Posted May 22 2009 10:10pm


Post Traumatic Stress Disorder Archives

- PTSD - The disorder that is about to explode
- Military suicides up twenty percent - the PTSD monster
- Reading people
- A flashback courtesy of PTSD
- The monsters in the closet
- Military and mental illness
- Mental tricks
- Triggers and more triggers
- Running
- I Hate You But I Forgive You
- Cycle Of Violence
- UFC Fighting For The Troops
- An Unavoidable Trigger
- The Date Or Before And After
- The Process Of Change
- Free Writing Broken Promises



Post Traumatic Stress Disorder DSM Criteria


Post Traumatic Stress Disorder (PTSD) DSM Criteria



Criterion A: stressor

The person has been exposed to a traumatic event in which both of the following have been present:

1. The person has experienced, witnessed, or been confronted with an event or events that involve actual or threatened death or serious injury, or a threat to the physical integrity of oneself or others.

2. The person's response involved intense fear, helplessness, or horror. Note: in children, it may be expressed instead by disorganized or agitated behavior.

Criterion B: intrusive recollection

The traumatic event is persistently re-experienced in at least one of the following ways:

1. Recurrent and intrusive distressing recollections of the event, including images, thoughts, or perceptions. Note: in young children, repetitive play may occur in which themes or aspects of the trauma are expressed.

2. Recurrent distressing dreams of the event. Note: in children, there may be frightening dreams without recognizable content

3. Acting or feeling as if the traumatic event were recurring (includes a sense of reliving the experience, illusions, hallucinations, and dissociative flashback episodes, including those that occur upon awakening or when intoxicated).
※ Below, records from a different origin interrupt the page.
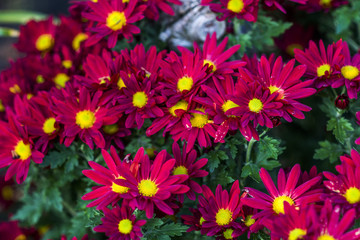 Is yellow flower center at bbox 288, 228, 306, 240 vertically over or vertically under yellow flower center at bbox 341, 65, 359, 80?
under

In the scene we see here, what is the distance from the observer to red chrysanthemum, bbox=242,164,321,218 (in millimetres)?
1083

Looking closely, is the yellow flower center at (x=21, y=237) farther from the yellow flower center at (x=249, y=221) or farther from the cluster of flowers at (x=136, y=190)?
the yellow flower center at (x=249, y=221)

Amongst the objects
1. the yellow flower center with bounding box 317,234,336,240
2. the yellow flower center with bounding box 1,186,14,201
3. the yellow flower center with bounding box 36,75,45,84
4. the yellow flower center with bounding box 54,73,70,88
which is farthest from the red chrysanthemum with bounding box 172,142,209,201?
the yellow flower center with bounding box 1,186,14,201

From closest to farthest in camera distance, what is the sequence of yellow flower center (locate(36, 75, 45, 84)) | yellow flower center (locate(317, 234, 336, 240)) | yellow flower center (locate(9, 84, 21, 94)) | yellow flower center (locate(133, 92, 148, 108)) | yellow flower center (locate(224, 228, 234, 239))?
yellow flower center (locate(317, 234, 336, 240)), yellow flower center (locate(224, 228, 234, 239)), yellow flower center (locate(133, 92, 148, 108)), yellow flower center (locate(9, 84, 21, 94)), yellow flower center (locate(36, 75, 45, 84))

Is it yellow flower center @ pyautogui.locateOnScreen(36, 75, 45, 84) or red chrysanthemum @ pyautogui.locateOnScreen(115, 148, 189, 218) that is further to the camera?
yellow flower center @ pyautogui.locateOnScreen(36, 75, 45, 84)

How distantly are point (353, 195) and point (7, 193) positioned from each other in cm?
184

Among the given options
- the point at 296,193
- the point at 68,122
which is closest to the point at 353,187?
the point at 296,193

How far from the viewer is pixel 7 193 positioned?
2287 mm

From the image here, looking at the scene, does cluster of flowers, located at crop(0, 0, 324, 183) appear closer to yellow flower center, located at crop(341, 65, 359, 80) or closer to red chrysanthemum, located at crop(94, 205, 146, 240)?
yellow flower center, located at crop(341, 65, 359, 80)

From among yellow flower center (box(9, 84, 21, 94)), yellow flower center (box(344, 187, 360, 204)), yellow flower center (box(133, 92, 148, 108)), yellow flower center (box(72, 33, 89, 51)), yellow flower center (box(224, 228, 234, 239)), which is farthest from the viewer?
yellow flower center (box(72, 33, 89, 51))

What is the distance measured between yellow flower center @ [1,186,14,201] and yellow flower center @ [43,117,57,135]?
3.51ft

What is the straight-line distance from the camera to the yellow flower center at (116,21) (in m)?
1.45

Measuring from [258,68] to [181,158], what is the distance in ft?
1.14

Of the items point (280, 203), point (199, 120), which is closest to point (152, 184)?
point (199, 120) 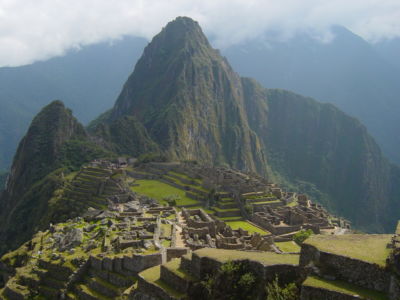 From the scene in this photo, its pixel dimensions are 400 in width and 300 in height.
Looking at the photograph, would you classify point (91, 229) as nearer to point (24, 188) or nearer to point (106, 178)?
A: point (106, 178)

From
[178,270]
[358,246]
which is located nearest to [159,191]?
[178,270]

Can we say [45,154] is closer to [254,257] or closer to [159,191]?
[159,191]

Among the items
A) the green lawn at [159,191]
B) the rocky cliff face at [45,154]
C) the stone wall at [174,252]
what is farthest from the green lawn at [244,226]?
the rocky cliff face at [45,154]

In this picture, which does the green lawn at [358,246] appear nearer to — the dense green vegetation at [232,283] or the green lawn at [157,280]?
the dense green vegetation at [232,283]

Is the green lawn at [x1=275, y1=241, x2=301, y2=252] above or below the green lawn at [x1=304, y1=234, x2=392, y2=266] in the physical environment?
below

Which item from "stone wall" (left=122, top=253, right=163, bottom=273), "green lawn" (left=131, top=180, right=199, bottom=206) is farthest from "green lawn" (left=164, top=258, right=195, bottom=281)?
"green lawn" (left=131, top=180, right=199, bottom=206)

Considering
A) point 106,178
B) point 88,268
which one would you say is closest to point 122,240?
point 88,268

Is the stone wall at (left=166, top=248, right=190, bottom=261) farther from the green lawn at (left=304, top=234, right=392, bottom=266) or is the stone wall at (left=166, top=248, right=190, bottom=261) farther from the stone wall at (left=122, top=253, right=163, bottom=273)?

Note: in children, trauma-specific reenactment may occur.

4. Intense psychological distress at exposure to internal or external cues that symbolize or resemble an aspect of the traumatic event.

5. Physiologic reactivity upon exposure to internal or external cues that symbolize or resemble an aspect of the traumatic event

Criterion C: avoidant/numbing

Persistent avoidance of stimuli associated with the trauma and numbing of general responsiveness (not present before the trauma), as indicated by at least three of the following:

1. Efforts to avoid thoughts, feelings, or conversations associated with the trauma

2. Efforts to avoid activities, places, or people that arouse recollections of the trauma

3. Inability to recall an important aspect of the trauma

4. Markedly diminished interest or participation in significant activities

5. Feeling of detachment or estrangement from others

6. Restricted range of affect (e.g., unable to have loving feelings)

7. Sense of foreshortened future (e.g., does not expect to have a career, marriage, children, or a normal life span)

Criterion D: hyper-arousal

Persistent symptoms of increasing arousal (not present before the trauma), indicated by at least two of the following:

1. Difficulty falling or staying asleep

2. Irritability or outbursts of anger

3. Difficulty concentrating

4. Hyper-vigilance

5. Exaggerated startle response

Criterion E: duration

Duration of the disturbance (symptoms in B, C, and D) is more than one month.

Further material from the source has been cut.